Wenngleich, Anne und ich, wir haben während unserer Tour über die beiden Mittelgebirge – das Rothaargebirge und den Westerwald – so viel erlebt, gesehen, erfahren, dass ich wieder ein dickes Tagebuch mit unseren Erlebnissen und mit den Gedanken dazu hätte füllen können. Zwar wie jedes Mal mit Mühe, aber ganz bestimmt wären es viele Seiten geworden. Auch in diesem speziellen Wanderfalle setzte mein Älterwerden engere Grenzen. Es ist einfach erklärt: Meine Kraft reicht einfach nicht mehr aus, um abends nach anstrengender Tageswanderung noch all das Erlebte und Gesehene zu notieren und es später der verfeinernden Bearbeitung zuzuführen. Unter welch abenteuerlichen Bedingungen habe ich schon meine Wandertagebücher geführt! Jetzt bin ich nach den Wandermühen des Tages oft nur noch müde und freue mich auf das Bett und den Schlaf. Die zwei Bierchen zum Abendbrot und der traditionelle „Absacker“ tun ein Übriges. Sie zeigen bei mir mehr Wirkung als früher. Selten schwankende, auf jeden Fall aber zusätzlich ermüdende.

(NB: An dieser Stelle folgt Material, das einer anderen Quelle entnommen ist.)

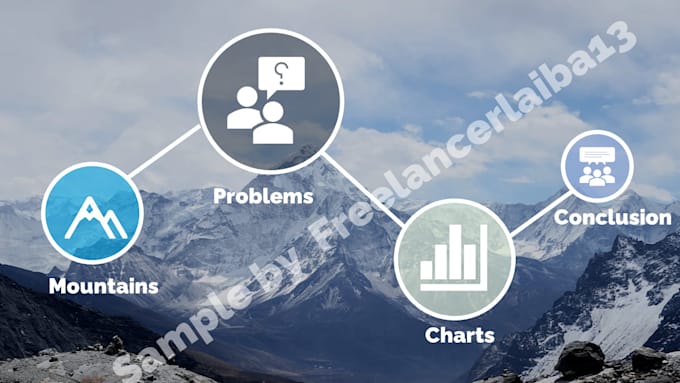 make excellent and professional prezi presentations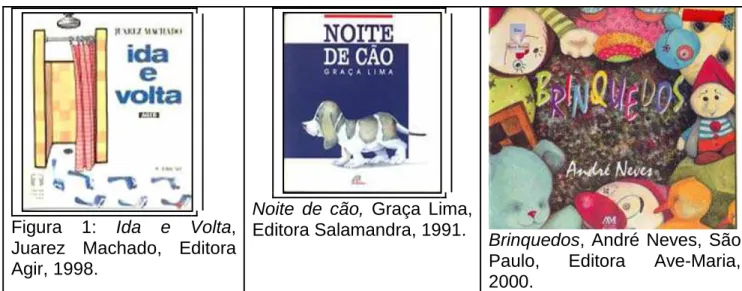 Figura  1:  Ida  e  Volta,  Juarez  Machado,  Editora  Agir, 1998.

Aus genannten Gründen entschloss ich mich am Abend des dritten Reisetages, das Tagebuch-Buch während der vor uns liegenden Wanderzeit nicht mehr in gewohnter Weise zu füllen. Außerdem erinnerte ich mich daran, dass nach der Heimkehr in Berlin dringende und umfangreiche schriftliche Arbeiten auf mich warten würden. Nicht zuletzt: Der dritte Band der von mir geplanten Gedicht-Trilogie – die Altersgedichte – musste nun endlich fertig werden. Diese Arbeit würde folglich den Vorrang haben, wenn ich wieder meinen gewohnten Platz am Schreibtisch einnehmen würde. ...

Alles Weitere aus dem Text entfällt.